Seer Stones
    Footnotes

    “Seer Stones,” Church History Topics

    “Seer Stones”

    Seer Stones

    For millennia, many people throughout the world have accepted the idea that physical objects can be used for sacred purposes. The Bible affirms that God worked through objects such as the rod of Aaron, a brass serpent, and the ark of the covenant. Jesus later healed a blind man by applying spittle to the man’s eyes.1

    The Book of Mormon describes a sacred purpose for specially designated stones. In one passage, the brother of Jared asked the Lord to touch 16 small stones, which were “white and clear, even as transparent glass” (Ether 3:1). After the Lord’s finger touched the stones, they provided light for the Jaredites as they journeyed across the ocean. Another verse speaks of sacred stones that “shall magnify to the eyes of men these things which ye shall write” (Ether 3:24).
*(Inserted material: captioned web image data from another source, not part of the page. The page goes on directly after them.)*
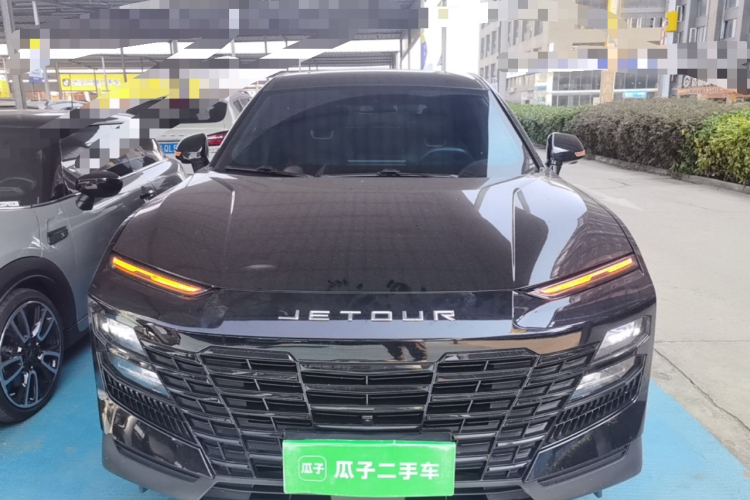 Jetour Dashing 2023 car image #3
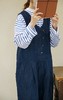 HARVESTY 宽松条纹长袖 商品缩略图3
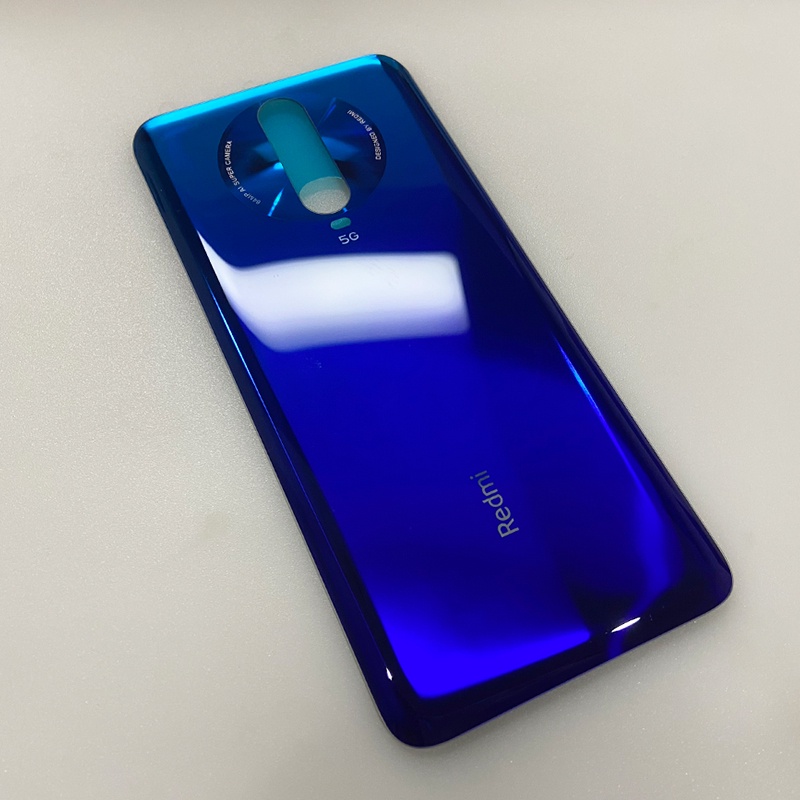 Nắp Lưng Điện Thoại Bằng Kính Dành Cho Xiaomi Redmi K30 5g Redmi K30 K 30 5g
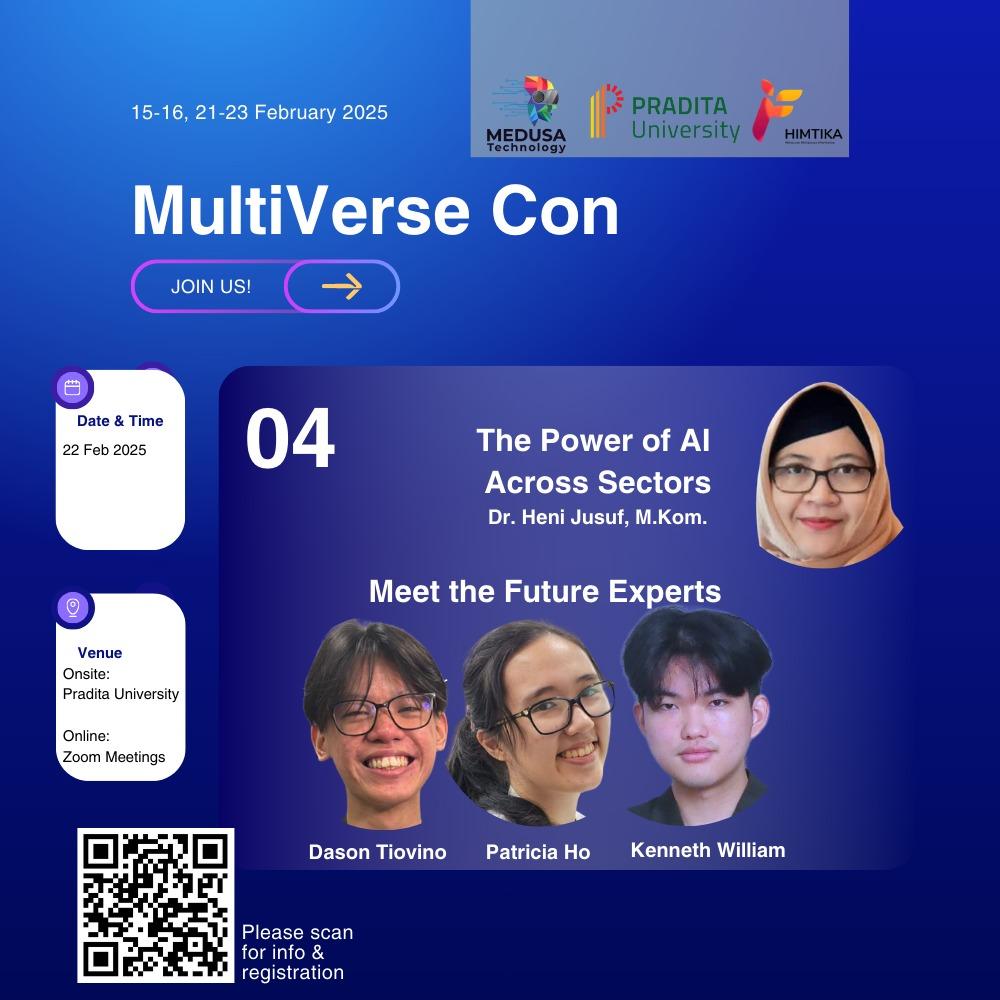 Kupas Tuntas Peran AI & Big Data sebagai Game Changer Industri Global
    In Joseph Smith’s day, some individuals claimed that they had a gift to “see,” or receive divine or supernatural messages, through seer stones. These beliefs came from the Bible and from European cultural traditions brought to early America by immigrants. Joseph Smith and his family accepted these beliefs, and Joseph occasionally used stones he located in the ground to help neighbors find missing objects or search for buried treasure.2

    oval-shaped stone

    Seer stone belonging to Joseph Smith.
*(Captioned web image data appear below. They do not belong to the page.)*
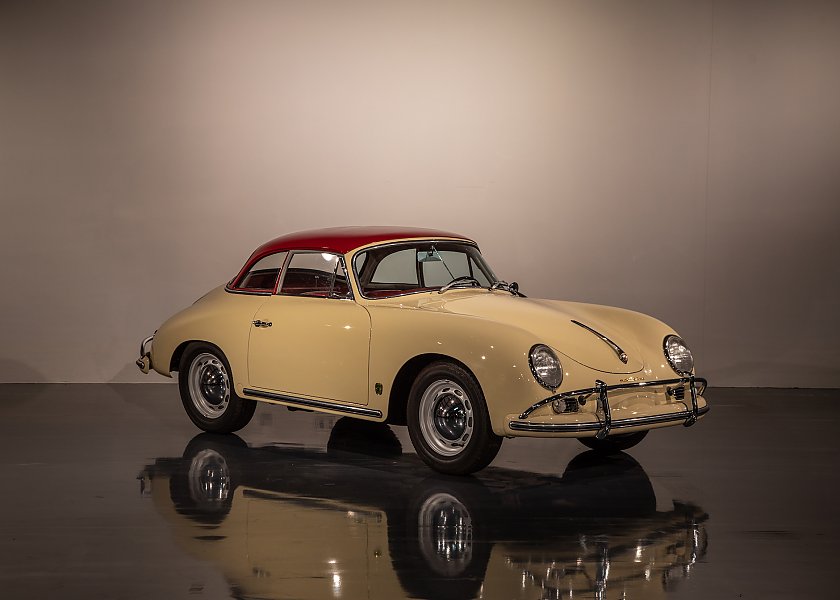 1959 Porsche  356 A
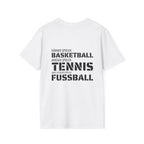 Legenden spielen Fußball | KurvenKult Unisex T-Shirt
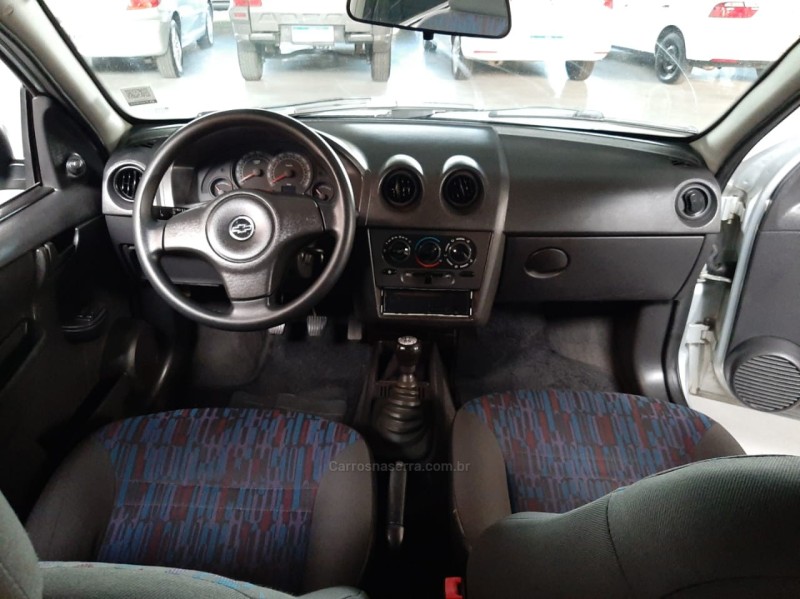 CELTA 1.0 MPFI SPIRIT 8V FLEX 4P MANUAL - 2011 - CAXIAS DO SUL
    When Joseph Smith received the golden plates in 1827, he also received a translation instrument with them, “two stones in silver bows” used by “‘seers’ in ancient or former times” (Joseph Smith—History 1:35). This instrument was referred to in the Book of Mormon as the “interpreters.” During the translation of the Book of Mormon, Joseph Smith apparently used both of these instruments—the interpreters and his seer stone—interchangeably. They worked in much the same way, and the early Saints sometimes used the term “Urim and Thummim” to refer to the seer stone as well as the interpreters. The Prophet also received several of the revelations found today in the Doctrine and Covenants by means of these instruments of revelation.3 As Joseph became more experienced in spiritual matters, he eventually started receiving revelation without these aids.4

    Related Topics: Book of Mormon Translation, Treasure Seeking, Joseph Smith’s 1826 Trial

    Notes

    1. Exodus 8:5–6, 16–17; Numbers 21:9; 1 Samuel 4:3–6; John 9:6.

    2. Richard E. Turley, Robin E. Jensen, and Mark Ashurst-McGee, “Joseph the Seer,” Ensign, Oct. 2015, 51.
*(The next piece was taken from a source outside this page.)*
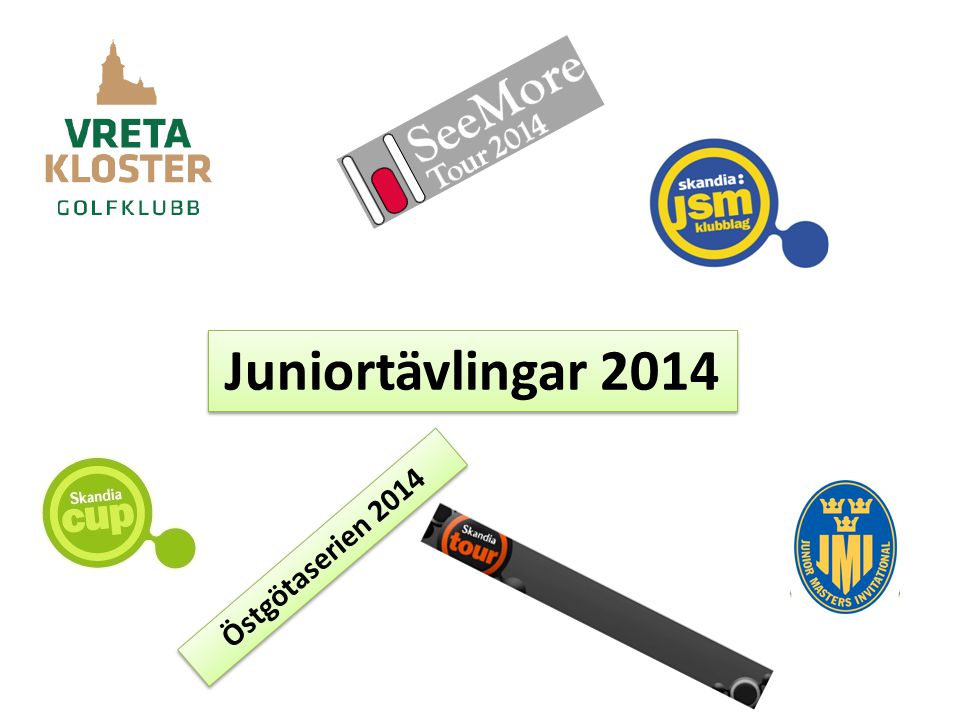 Juniortävlingar 2014 Östgötaserien 2014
    3. James R. B. Vancleave, letter to Joseph Smith III in Lyndon W. Cook, ed., David Whitmer Interviews: A Restoration Witness (Orem, Utah: Grandin Book, 1991), 239–40.

    4. Early in the spring of 1830, Joseph gave Oliver Cowdery the seer stone used in translating the Book of Mormon. Phineas Young, who had helped reunite Oliver Cowdery with the Church in the late 1840s, obtained the stone from Cowdery’s widow, and in turn gave it to his brother Brigham Young. After Brigham Young died, one of his wives, Zina D. H. Young, obtained a chocolate-colored seer stone from his estate that matched descriptions of the stone Joseph used to translate the Book of Mormon, and she donated it to the Church (see Richard E. Turley Jr., Robin S. Jensen, and Mark Ashurst-McGee, “Joseph the Seer,” Ensign, Oct. 2015, 53).